- _Available data_
--- --- ---

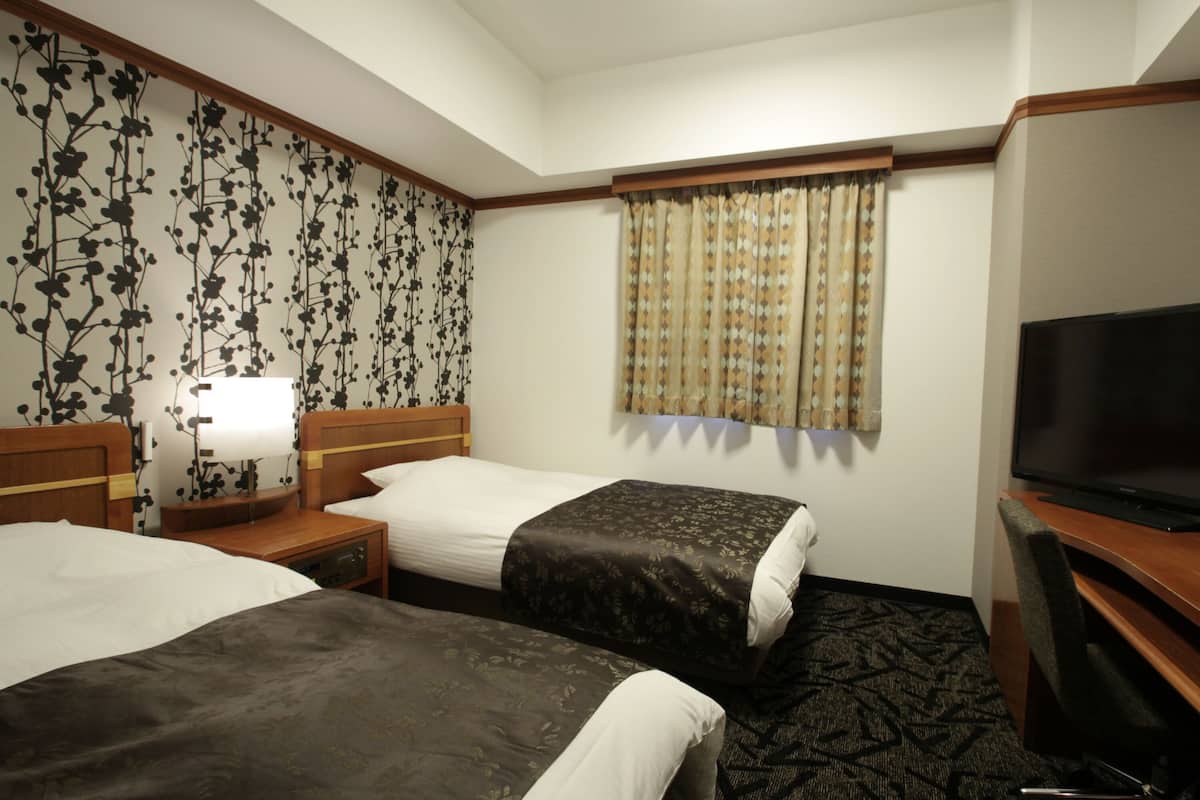 A hotel room with two beds, a TV, a nightstand, a lamp, and a window with curtains.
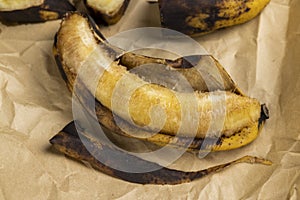 an overripe dark banana that is spoiling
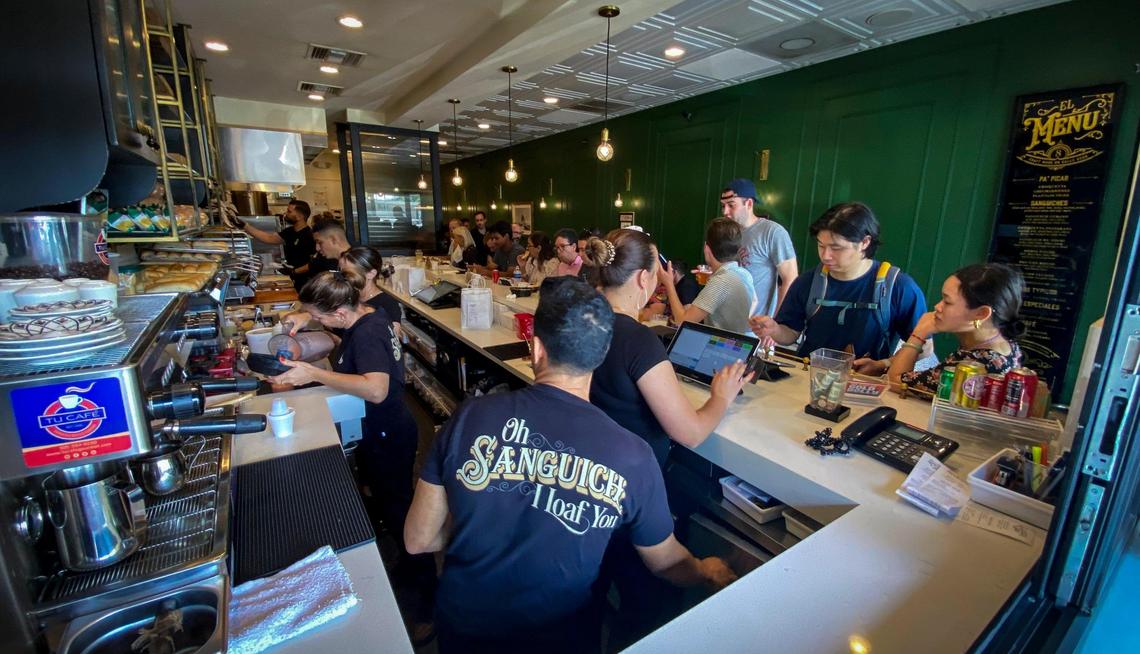 The busy interior of Sanguich de Miami, which was honored as a Bib Gourmand restaurant earlier this year by the Michelin Guide.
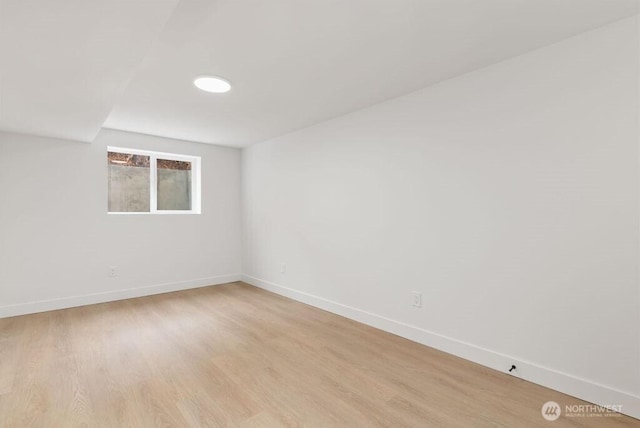 empty room featuring baseboards and light wood-style flooring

--- --- ---

- _Aim of the exercise_
Find the line with "The busy interior". Reproduce it and every line after it through the last line above exactly, leaving out the pictures.

- _Reply to the exercise_
 The busy interior of Sanguich de Miami, which was honored as a Bib Gourmand restaurant earlier this year by the Michelin Guide.
 empty room featuring baseboards and light wood-style flooring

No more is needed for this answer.